Sproul, Gentry, Bahnsen, Pipa, etc.---a lot of reformed theologians interpret Romans 11 to be referring to ethnic Jews, not a spiritualized Israel. I do not know what the majority view is though. All I know is that dispensationalists use this verse as their "cureall" for their theological system, when in fact their interpretation of national Israel getting saved has been believed historically by reformed theolgians and fits just fine in reformed theology. Dispensationalists just add their theology of this happening specifically after the rapture, during the tribulation.


----------



## Bern (Oct 27, 2009)

The difficulty that can arise in churches that understand these verses to mean national Israel (I'm not saying thats incorrect), is that they can be influenced by members who are dispensational in their eschatology, even though the fellowship in question does not officially agree with dispensationalism.

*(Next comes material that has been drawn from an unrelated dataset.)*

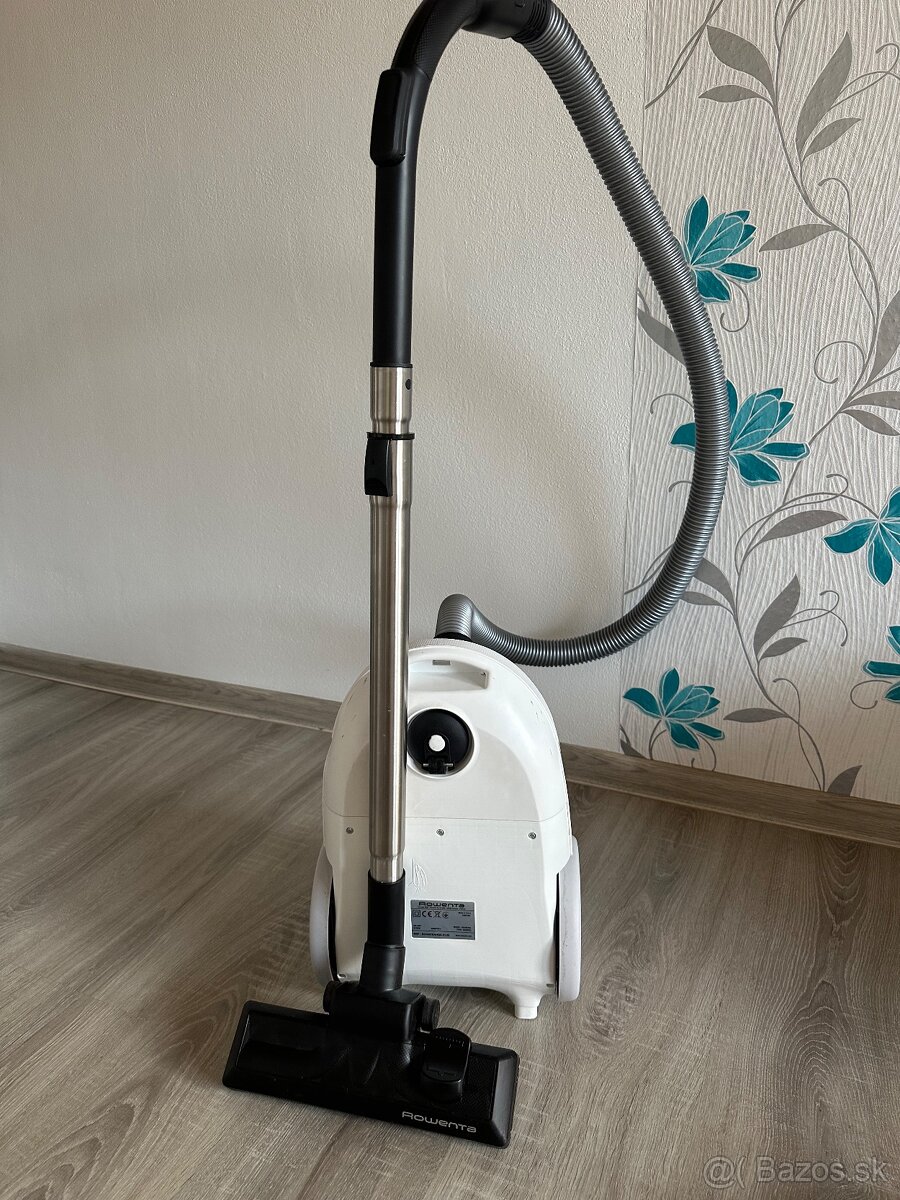 Vysávač Rowenta v záruke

Often these difficulties arise from the teaching being focused too much on end times events, leaving the congregation with a patchy understanding of how the bible relates to itself and how scripture interprets scripture.

In this way you can develop an eschatalogical position which is a strange hybrid of historic premillenialism and dispensationalism. Usually dispensationalism minus the belief in "dispensations", and sometimes the rapture... but still expecting a literal 3rd temple to be built etc.

How confusing... and a bit off topic sorry.


----------